The line between legal and non-legal services and between necessary legal services and ministerial duties of the Trustee, requiring only sound business judgment, is not easy to draw. Consequently, substantial latitude must be accorded the Bankruptcy Judge in the drawing process because he is best able to observe and evaluate counsel's performance. To assist the judge in this process, counsel's petition and supporting affidavit should describe with reasonable specificity the services for which compensation is claimed as well as the hours spent thereon. If such services could colorably constitute the type of services one would reasonably expect an attorney to perform under the circumstances, and are otherwise compensable,6 we think the Bankruptcy Judge is entitled to conclude therefrom that the petitioner has made out a prima facie showing that the services were compensable legal services, in the absence of an evidentiary showing to the contrary. Of course, the Bankruptcy Judge is free to require an attorney to produce additional evidence in order to substantiate the legal character of the items set forth in his petition if the judge feels such evidence is necessary.


Applying these principles to the instant case, we find no basis for disturbing the Bankruptcy Judge's conclusion that the services for which compensation was allowed were legal in nature. Counsel's petition and accompanying affidavit in support of their claim for compensation established a prima facie case which the Bankruptcy Judge was entitled to accept in the absence of persuasive rebuttal evidence.

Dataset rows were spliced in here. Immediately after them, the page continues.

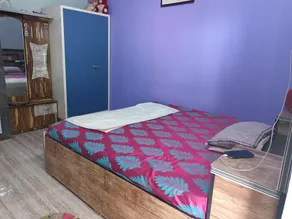 Govind Sharan Homestay - Image 2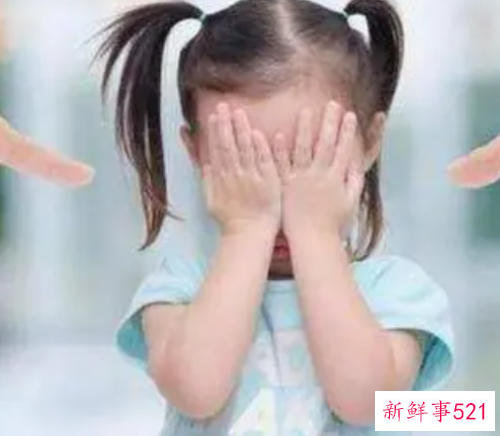 孩子犟嘴怎么办呢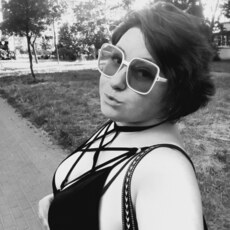 Фотография девушки Альонка, 35 лет из г. Киев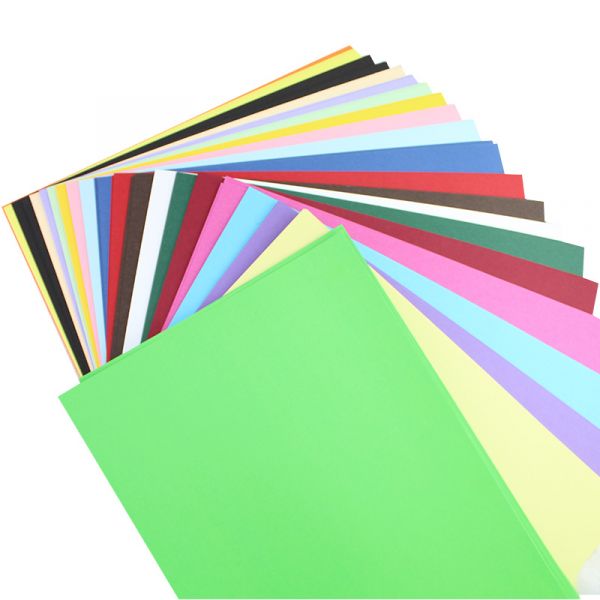 Soubor:Book printing china.jpg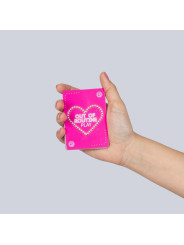 JEU OUT OF ROUTINE (FR/PT)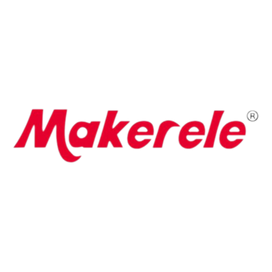 Makerele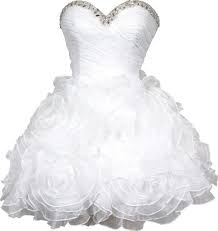 Poofy Prom Dresses For Juniors Junior Prom Party Short Prom Graduation Dresses For Teens And Juniors Poofy Prom Dresses Unique Homecoming Dresses Cute Prom Dresses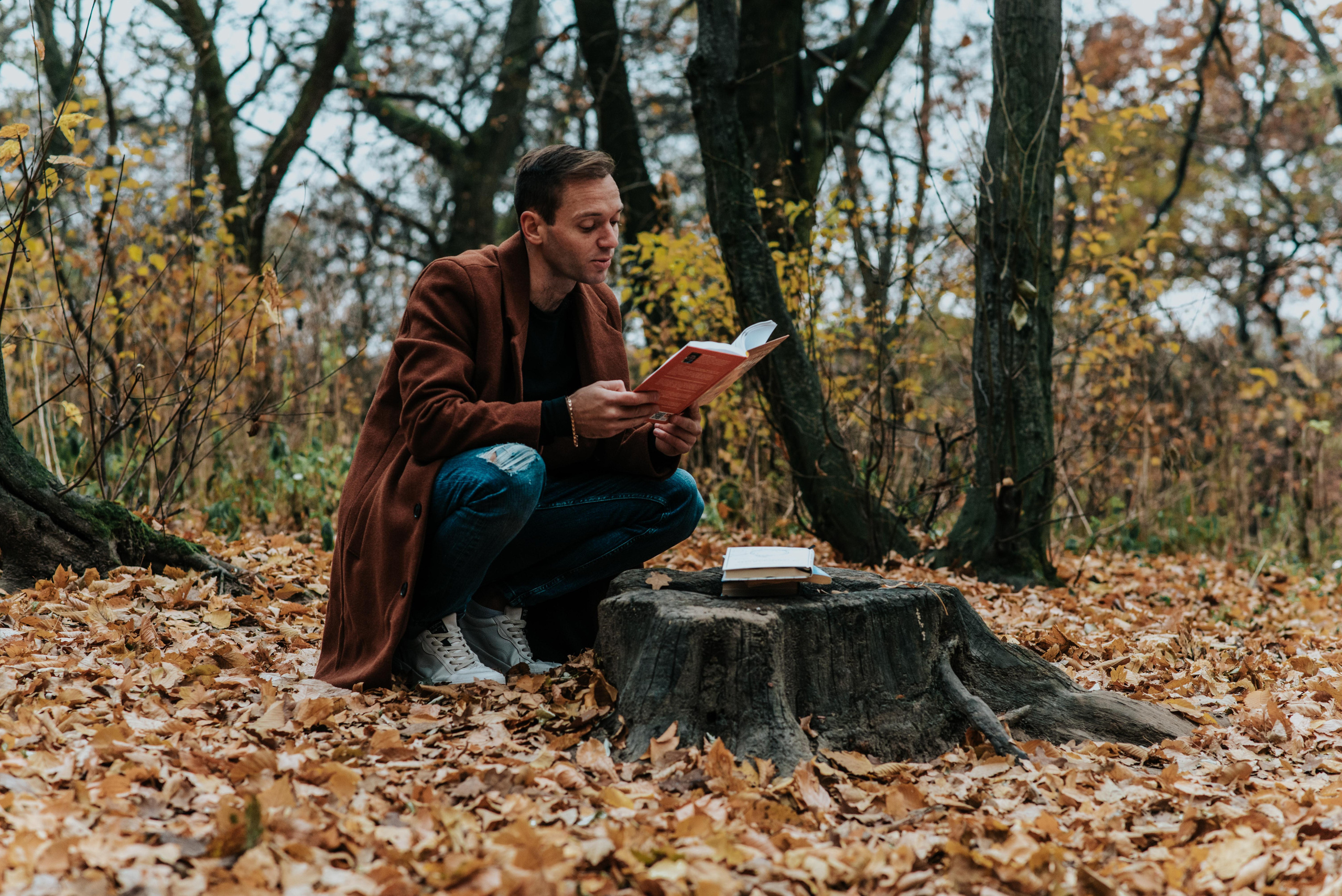 Autumn colors. Антон лімов фотограф київ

With respect to the allowance of fees for time spent in conferences and negotiations with creditors and their attorneys during the Chapter XI proceeding, there is ample evidence, in addition to counsel's petition, that these activities were a necessary incident to the legal representation of the Receiver. The Receiver's need for competent legal advice was particularly acute. The principal asset of the financially troubled Meade, a large tract of real estate, was heavily mortgaged, and a proposed development plan with Warrington Township was in jeopardy. At the time the Chapter XI petition was filed, mortgage foreclosure proceedings had already been instituted by lien creditors in state courts, and the likelihood that Meade would be able to continue to develop the tract and fulfill contractual commitments with Warrington Township was slim. Counsel for the Receiver, although unable to obtain approval by the requisite number of creditors for a plan of arrangement, successfully forestalled the mortgage foreclosures until a profitable private sale of the real estate could be made. In view of the pressing demands of the mortgagees and the Township, it is understandable that counsel would be expected to devote considerable time both to court appearances and to negotiations with these opposing parties in an attempt to effect a refinancing of the debtor.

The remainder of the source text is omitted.